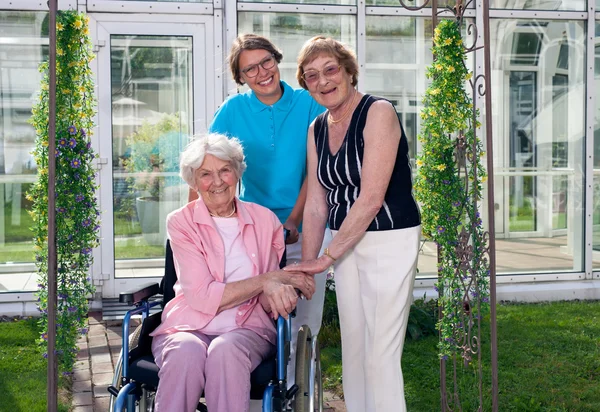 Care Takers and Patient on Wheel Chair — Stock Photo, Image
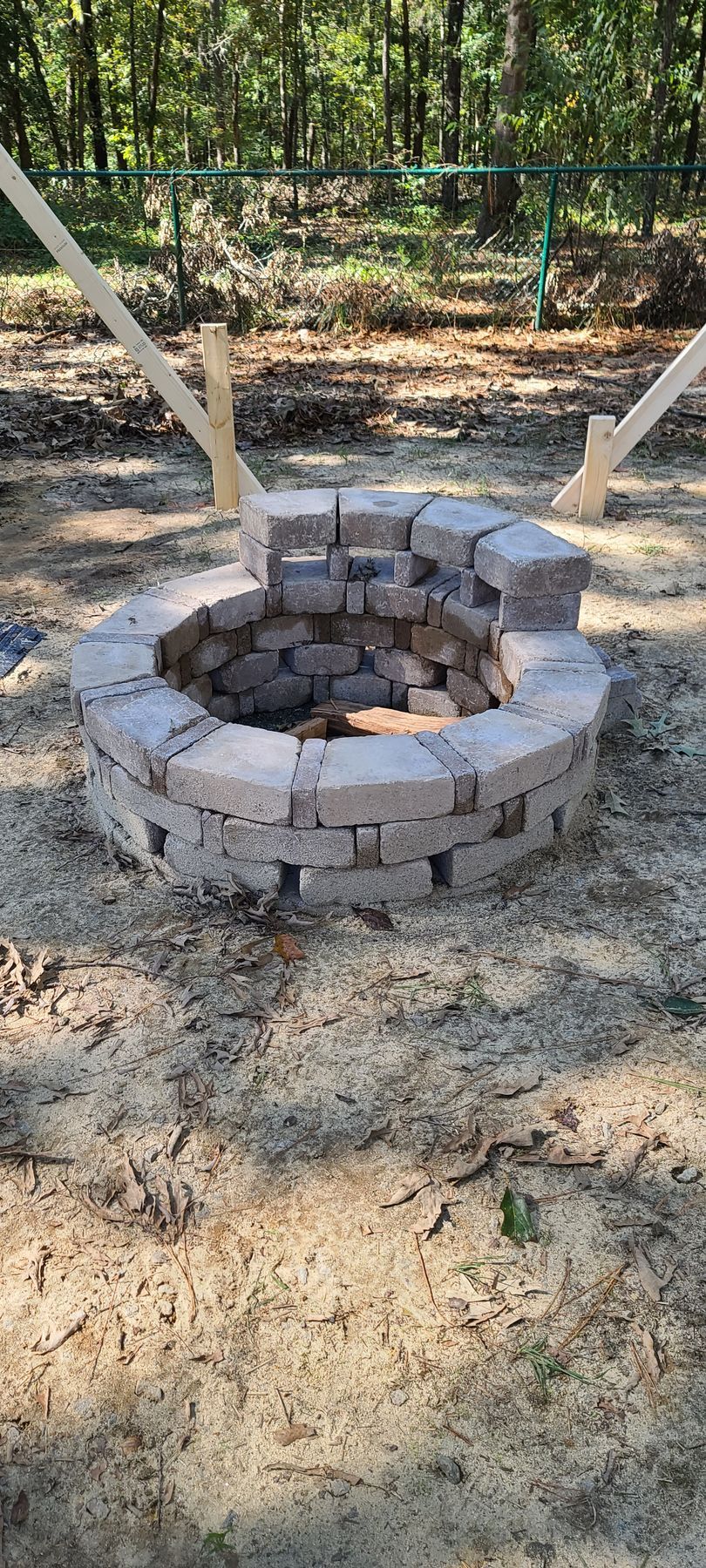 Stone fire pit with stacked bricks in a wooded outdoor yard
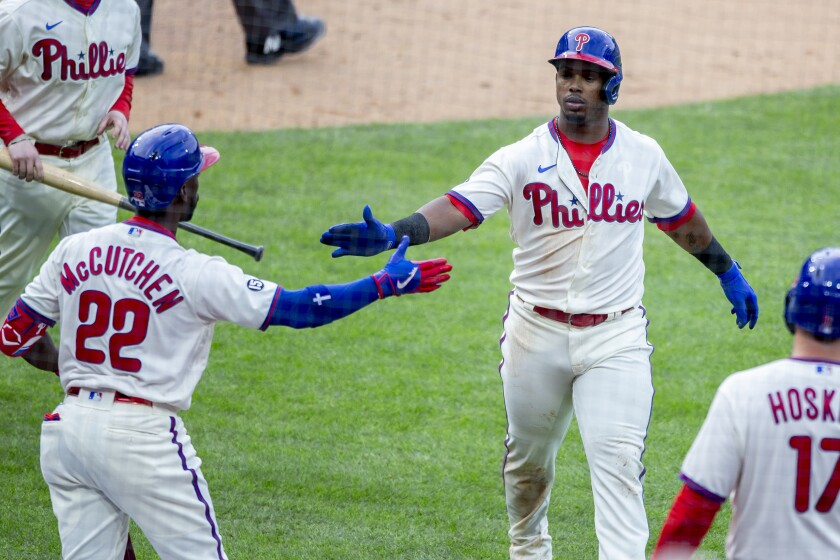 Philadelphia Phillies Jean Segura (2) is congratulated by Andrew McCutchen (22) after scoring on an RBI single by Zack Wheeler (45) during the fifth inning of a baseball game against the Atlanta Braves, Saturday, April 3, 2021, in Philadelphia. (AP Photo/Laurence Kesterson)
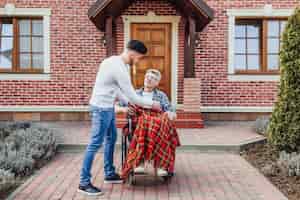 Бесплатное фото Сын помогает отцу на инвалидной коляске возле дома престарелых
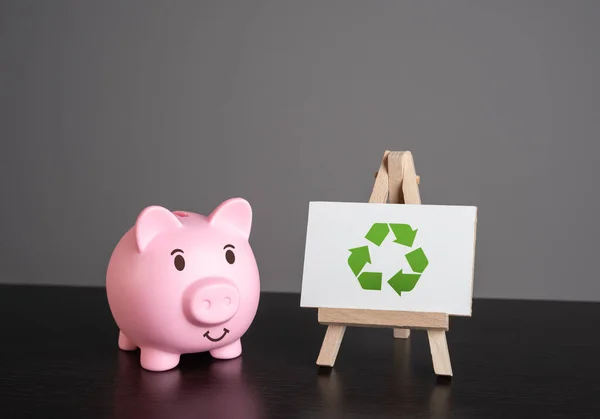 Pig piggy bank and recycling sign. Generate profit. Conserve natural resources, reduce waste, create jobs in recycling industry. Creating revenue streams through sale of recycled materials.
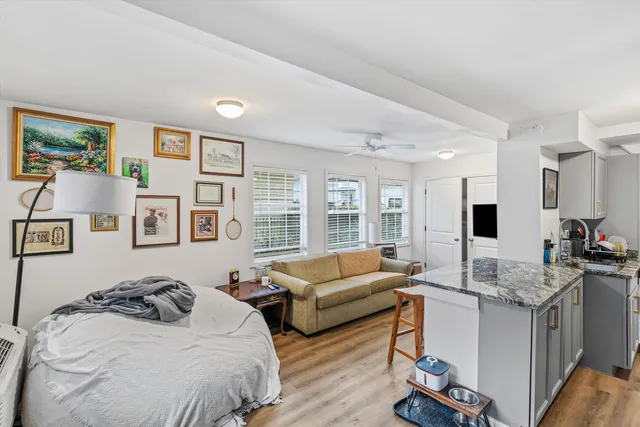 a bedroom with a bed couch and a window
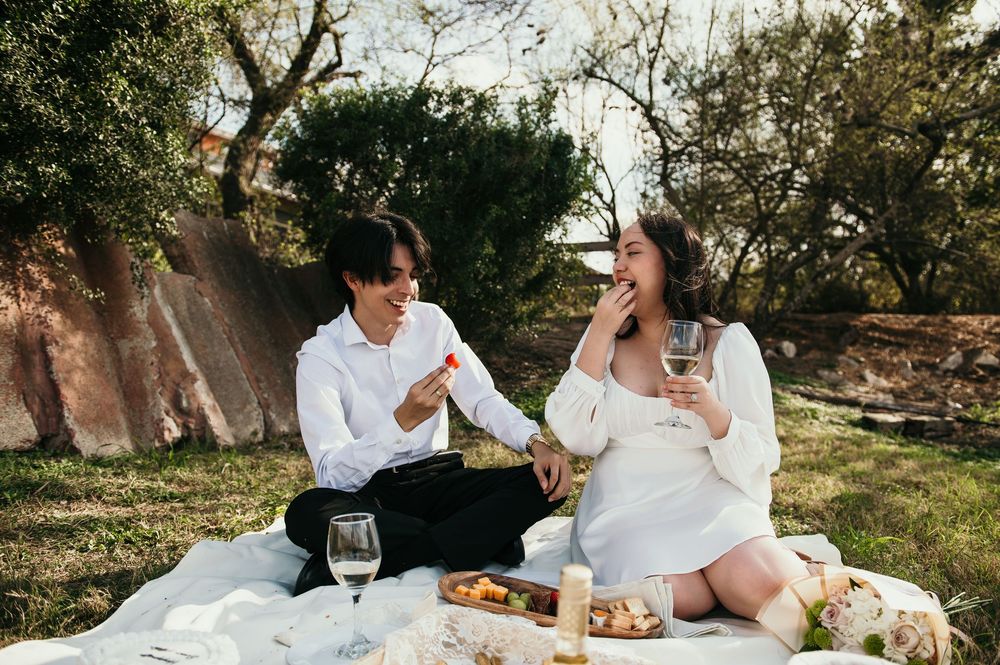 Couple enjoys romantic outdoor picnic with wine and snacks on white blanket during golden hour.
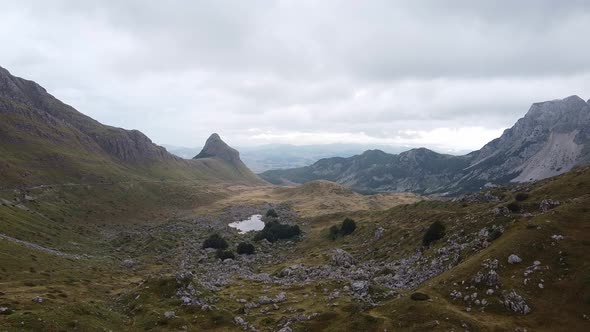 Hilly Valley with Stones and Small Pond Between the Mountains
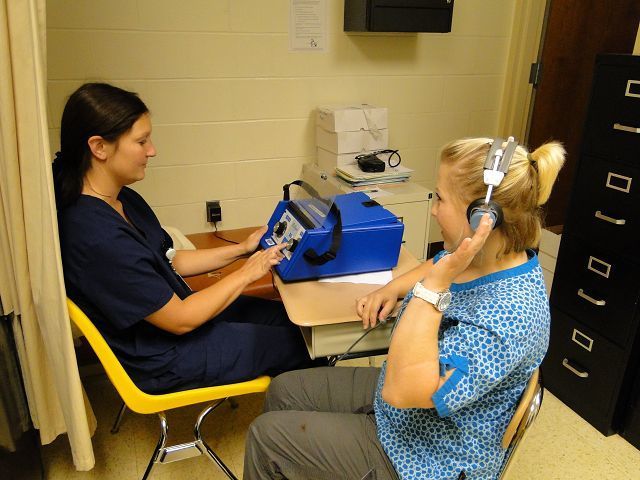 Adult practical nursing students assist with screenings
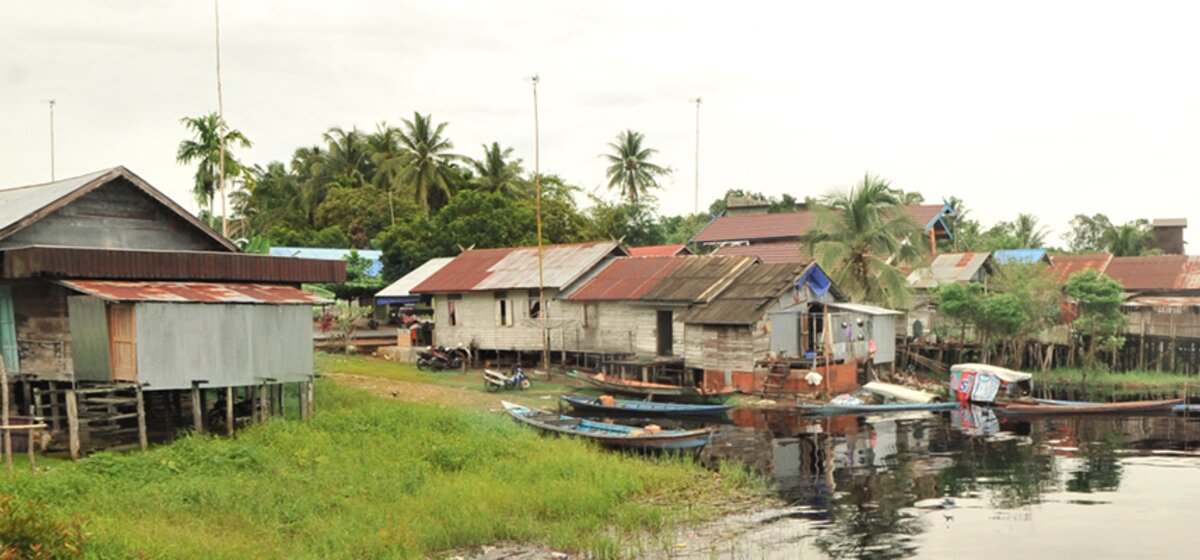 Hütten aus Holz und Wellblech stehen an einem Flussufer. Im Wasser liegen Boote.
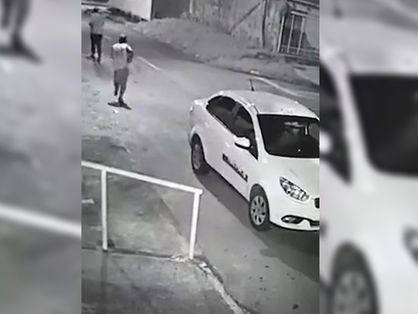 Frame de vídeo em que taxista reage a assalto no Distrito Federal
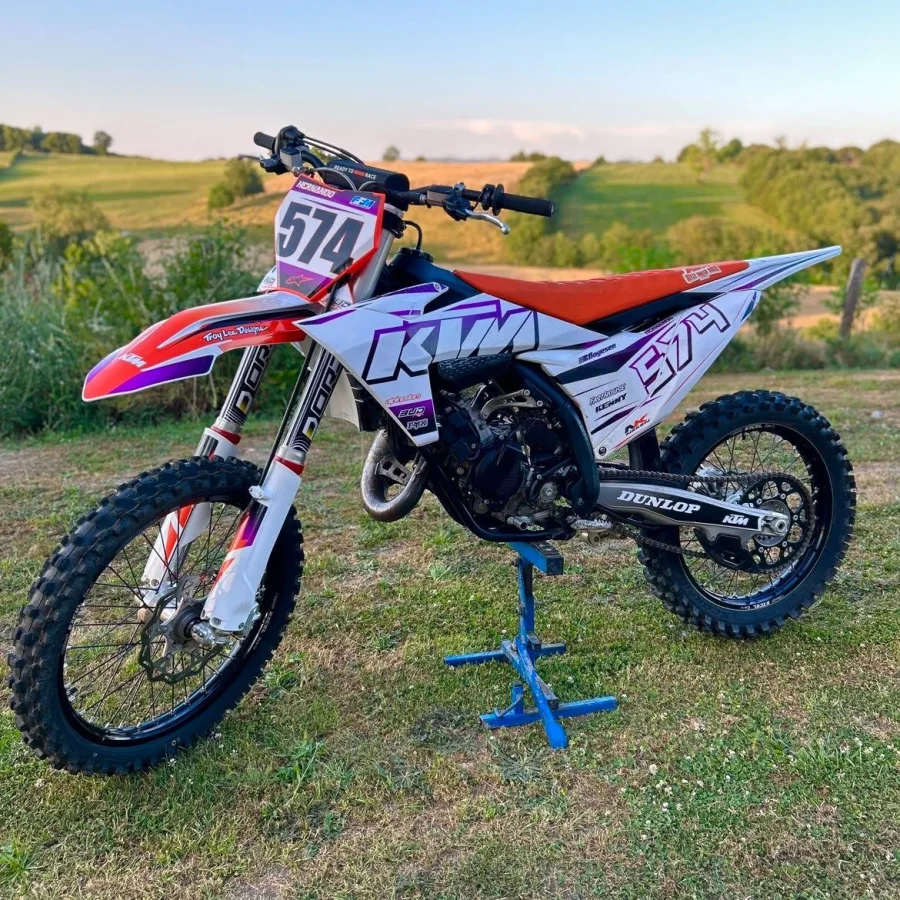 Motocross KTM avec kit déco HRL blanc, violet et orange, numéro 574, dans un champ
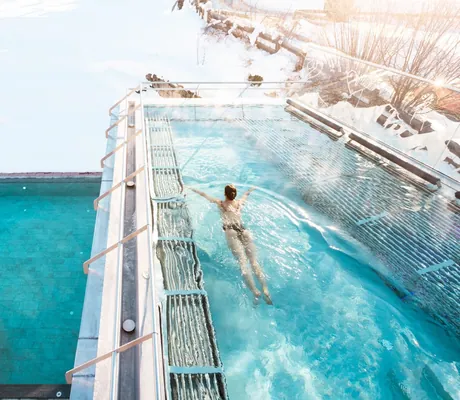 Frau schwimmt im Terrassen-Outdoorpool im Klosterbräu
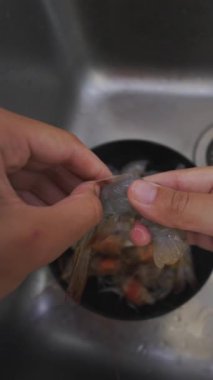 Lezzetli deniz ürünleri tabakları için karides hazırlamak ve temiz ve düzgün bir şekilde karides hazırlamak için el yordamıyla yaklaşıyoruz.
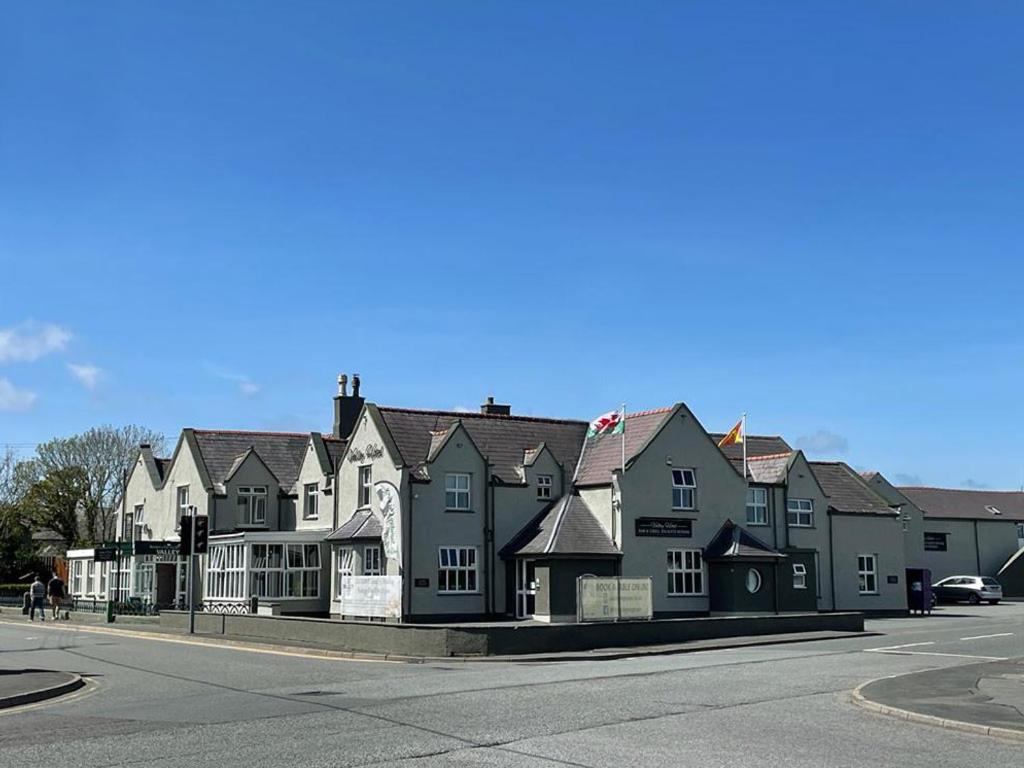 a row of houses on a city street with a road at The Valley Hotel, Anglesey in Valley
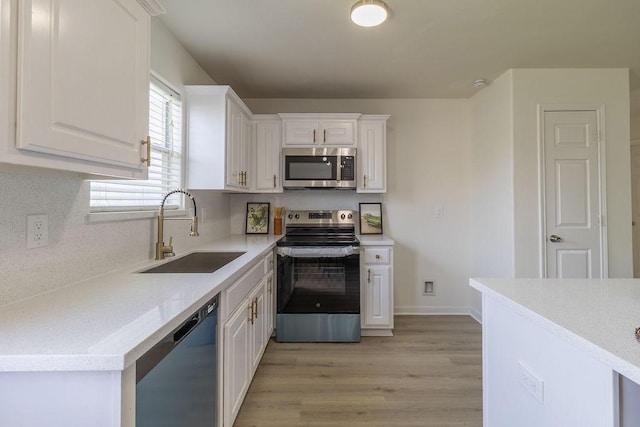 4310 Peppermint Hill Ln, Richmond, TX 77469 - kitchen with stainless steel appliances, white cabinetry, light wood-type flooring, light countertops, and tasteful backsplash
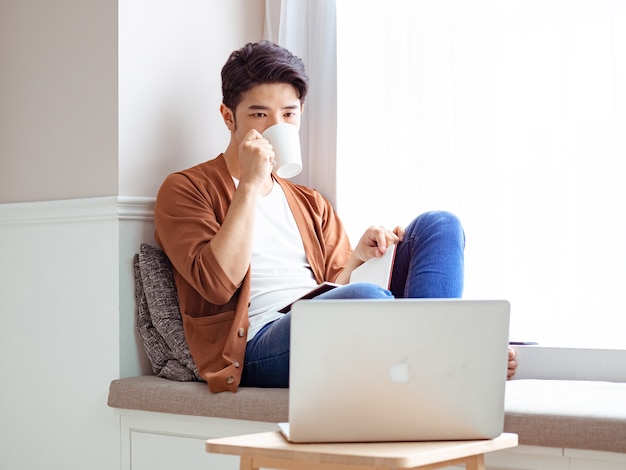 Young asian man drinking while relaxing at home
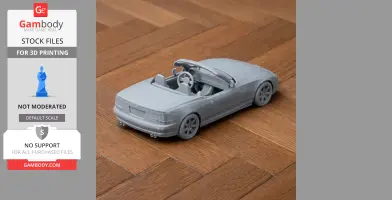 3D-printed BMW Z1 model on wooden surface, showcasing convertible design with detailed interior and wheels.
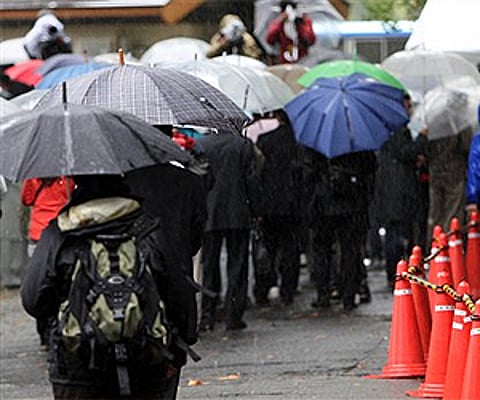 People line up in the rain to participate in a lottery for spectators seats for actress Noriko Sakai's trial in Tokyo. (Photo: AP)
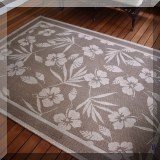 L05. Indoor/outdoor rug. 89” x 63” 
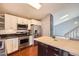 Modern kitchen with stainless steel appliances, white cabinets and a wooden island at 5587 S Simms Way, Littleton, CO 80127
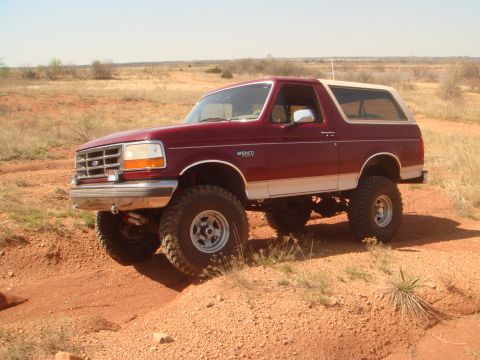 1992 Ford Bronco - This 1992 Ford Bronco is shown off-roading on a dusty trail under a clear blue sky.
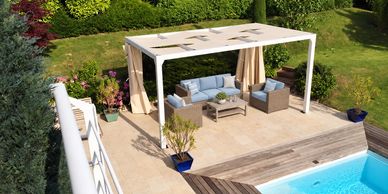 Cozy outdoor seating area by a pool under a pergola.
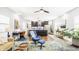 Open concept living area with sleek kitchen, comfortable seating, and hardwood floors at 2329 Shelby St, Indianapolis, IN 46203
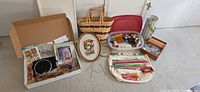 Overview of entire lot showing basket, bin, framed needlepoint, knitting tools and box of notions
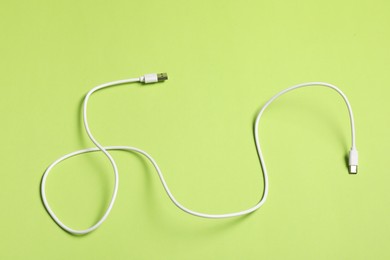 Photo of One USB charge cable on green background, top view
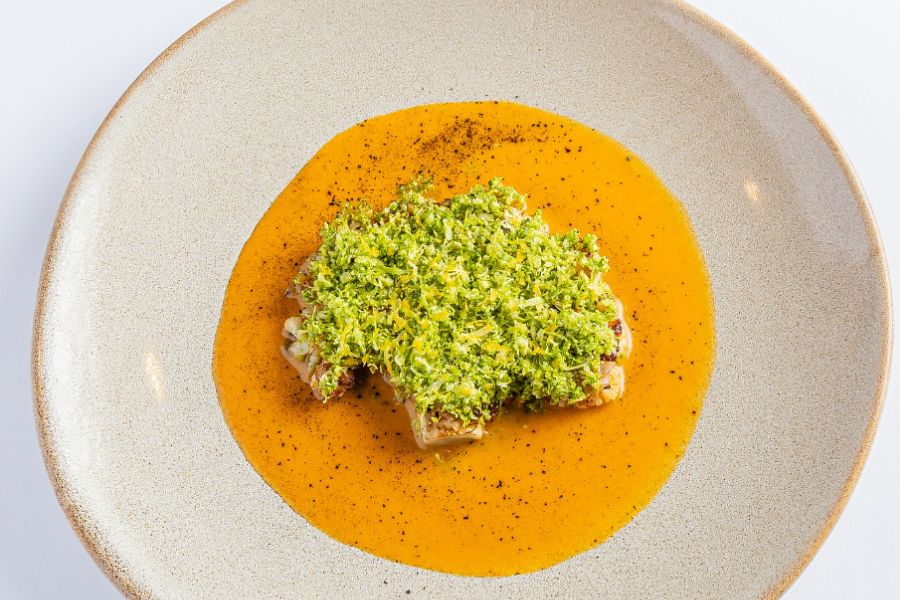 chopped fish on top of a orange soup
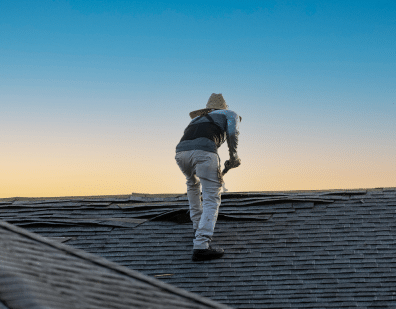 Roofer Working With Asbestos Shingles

────────────────

_What you will do_.
Return verbatim every line from the one holding "Overview of entire" to the end of the records above. Do not copy the pictures.

_Answer space_.
 Overview of entire lot showing basket, bin, framed needlepoint, knitting tools and box of notions
 Photo of One USB charge cable on green background, top view
 chopped fish on top of a orange soup
 Roofer Working With Asbestos Shingles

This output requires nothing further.